In this recipe for a garlicky, crunchy, marinated salad filled with lemon and spices, you don’t even need to cook the cauliflower. It can be prepared entirely in advance, and gets better as it bathes in its pungent dressing. Better yet, cauliflower comes in a brilliant array of autumnal colours, making it a festive addition to the table — a bit like those ubiquitous decorative gourds, but tasty.
You can also substitute broccoli for the cauliflower. It doesn’t come in a rainbow of hues, but given the brown and beige monotony of most Thanksgiving tables, its emerald vibrancy will perk things up.
Another strategy is quick high-heat roasting, which you can do when the oven frees up, during the 30 or so minutes the turkey rests.
The key here is to prep all your vegetables in advance, so all you have to do is pop the pan into the oven when the bird comes out. You can do this with practically any vegetable, even the dense ones. Just remember: The smaller you cut the pieces, the faster they will cook (I’m looking at you, winter squash). I particularly like a combination of thinly sliced Brussels sprouts and shallots, which roast quickly and get crisp at the edges. But if time is an issue, the slicing attachment of the food processor can be of help and you can slice the sprouts the day before.
Colourful, convenient and flavourful, these side dishes add brightness and verve, on Thanksgiving and beyond.
Recipe: Lemony Cauliflower With Garlic and Herbs
1 lemon, plus more lemon juice to taste
1 1/4 teaspoons fine sea salt, plus more to taste
1 large head cauliflower, trimmed and cut into bite-size florets (128g)
1 jalapeño, finely chopped
2 scallions, whites and greens thinly sliced
64g chopped fresh dill or basil
64g chopped parsley, leaves and tender stems
96g extra-virgin olive oil
2 fat garlic cloves, finely grated or minced
2 teaspoons whole cumin or cracked coriander seeds
Large pinch of red-pepper flakes (optional)

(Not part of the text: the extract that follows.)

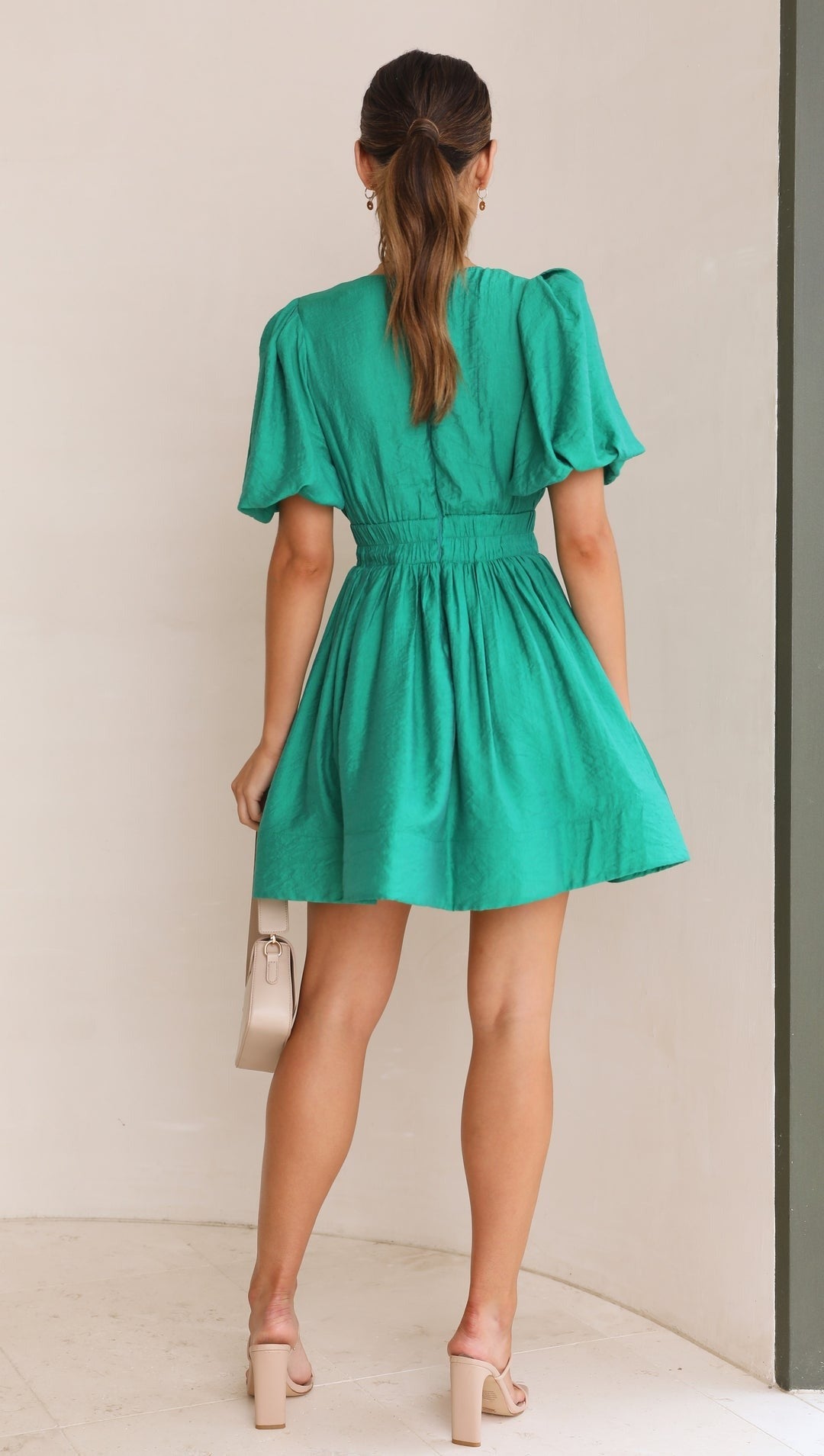 Dames casual jurk: Fit & Flare mini model, perfecte lentejurk met korte mouw voor elke dag.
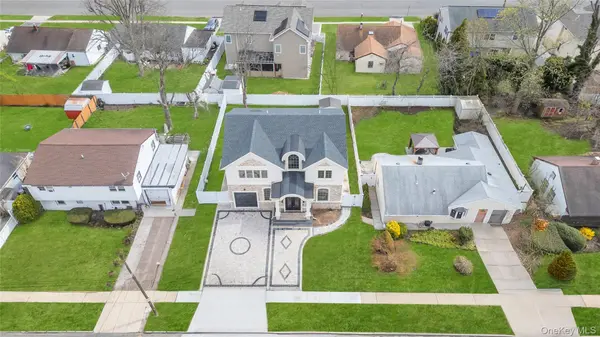 157 4th ST, Hicksville, NY 11801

1. Finely grate the zest of the lemon into a large heatproof bowl, then halve the lemon and squeeze in juice. Stir in salt to dissolve it. Add cauliflower, jalapeño, scallions, dill and parsley and toss to combine. In a large skillet, heat olive oil until hot, but not smoking. Add garlic and cumin, and cook until fragrant, about 1 minute. Stir in red-pepper flakes.
2. Pour mixture over cauliflower and toss well. Let cool completely, then cover and refrigerate for at least 8 hours and up to 48 hours to let the flavours mingle.
3. Toss well before serving, adding more salt or a squeeze of lemon to taste. For the best flavour, serve at room temperature.
Recipe: Crispy Roasted Brussels Sprouts and Shallots
Serves 8 to 10
900g, trimmed and sliced 1/4-inch thick
3 shallots, sliced 1/4-inch thick (about 64g)
64g extra-virgin olive oil
1 teaspoon kosher salt, plus more to taste
8 thyme sprigs
2 garlic cloves, finely grated or minced
1 tablespoon Worcestershire sauce, plus more to taste
1 1/2 teaspoons fresh lemon juice (from 1/2 lemon), plus more to taste
Grated Parmesan, for serving (optional)
1. Heat oven to 230 degrees. In a medium bowl, toss together Brussels sprouts, shallots, olive oil and salt. Evenly divide Brussels sprouts mixture between two rimmed 13-by-18-inch baking sheets, spreading everything into one layer. Top with thyme sprigs.
2. Roast, stirring once, until Brussels sprouts and shallots are tender, golden and lightly charred in spots, 20 to 25 minutes.
3. Meanwhile, in a small bowl, mix together garlic, Worcestershire and lemon juice.
4. As soon as Brussels sprouts emerge from oven, immediately drizzle with Worcestershire dressing, tossing to combine. Taste and add more salt, lemon juice, or Worcestershire if needed. Top with grated Parmesan if you like and serve immediately.